## TASK PROMPT
Set down, exactly as written, the line containing "9 Brook Close thumbnail 23" and all the lines that follow it to the end of the entries below, omitting every picture.

## DATA FOR ANALYSIS
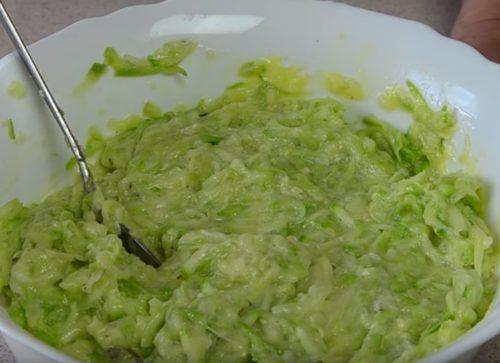 Как долго готовить каждую сторону кабачковой оладушки на сковороде. Самый простой рецепт оладий из кабачков — классический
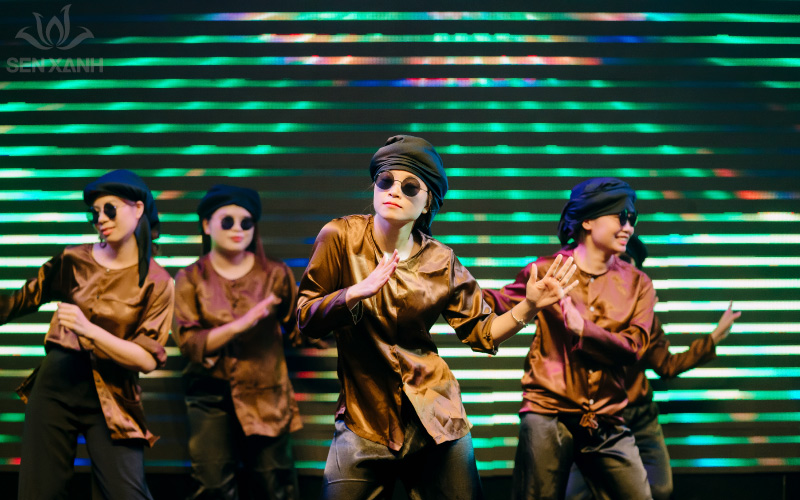 Chương tr&igrave;nh Gala với kh&ocirc;ng gian đầy vui tươi v&agrave; giải tr&iacute;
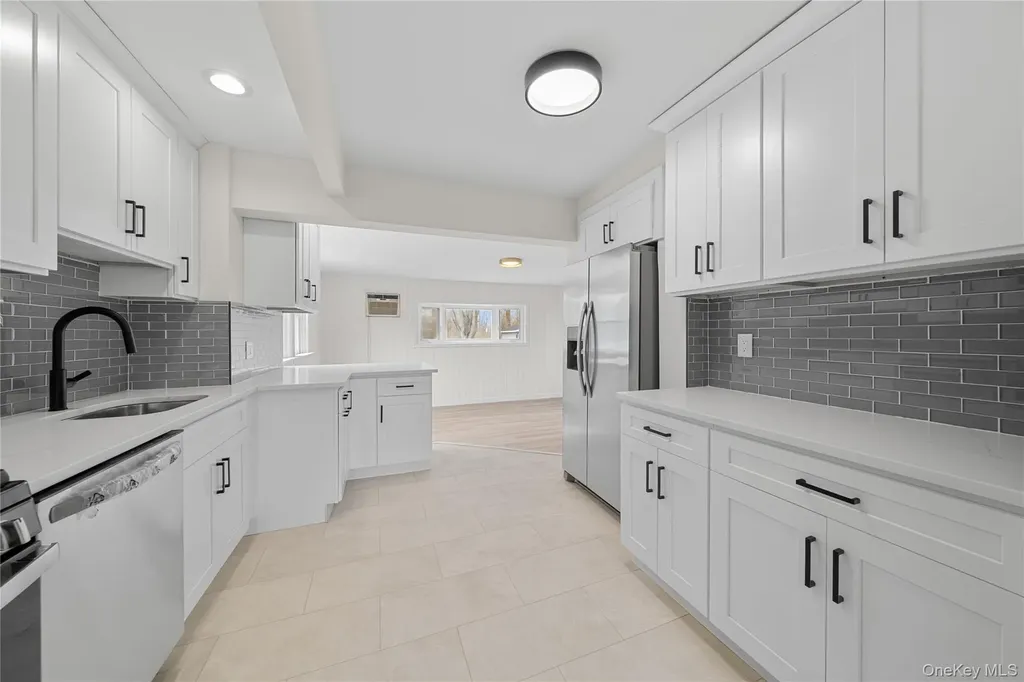 1656 N Gardiner Drive Bay Shore NY 11706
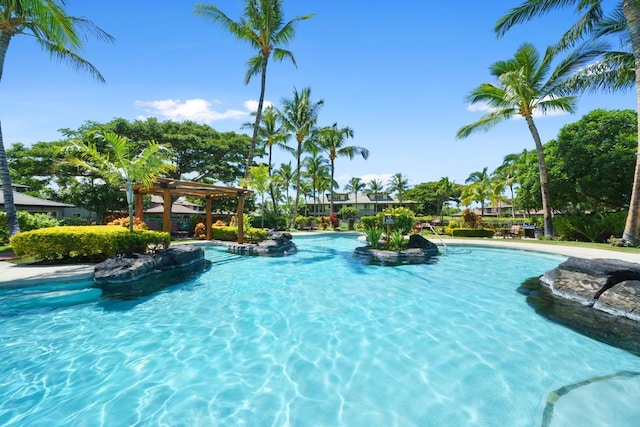 68-1122 Na Ala Hele Rd Unit H22, Kamuela, HI 96743 - community pool featuring a pergola
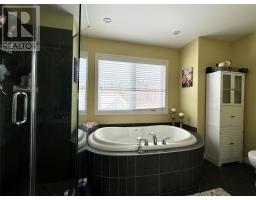 9 Brook Close thumbnail 23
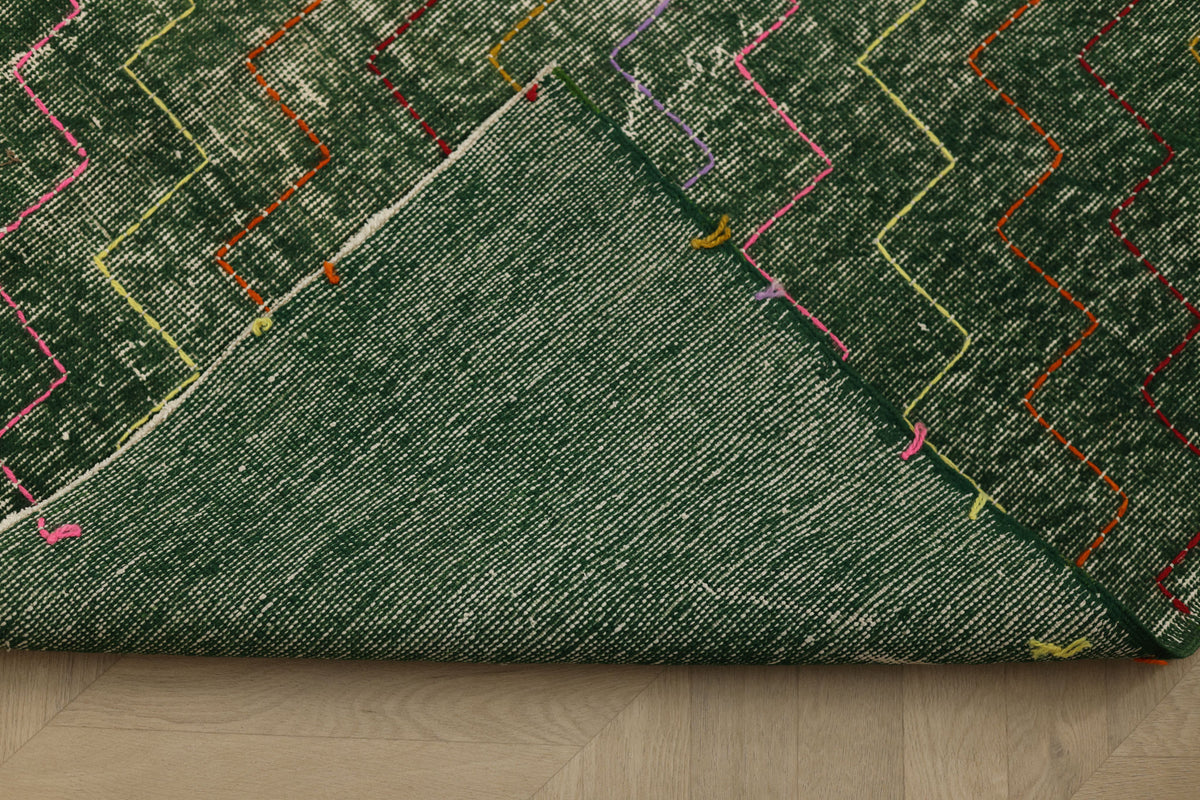 Vintage Isparta Turkish Area Rug 5x8 ft — Green Geometric (No. 40559)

## OUTPUT OF THE TASK
 9 Brook Close thumbnail 23
 Vintage Isparta Turkish Area Rug 5x8 ft — Green Geometric (No. 40559)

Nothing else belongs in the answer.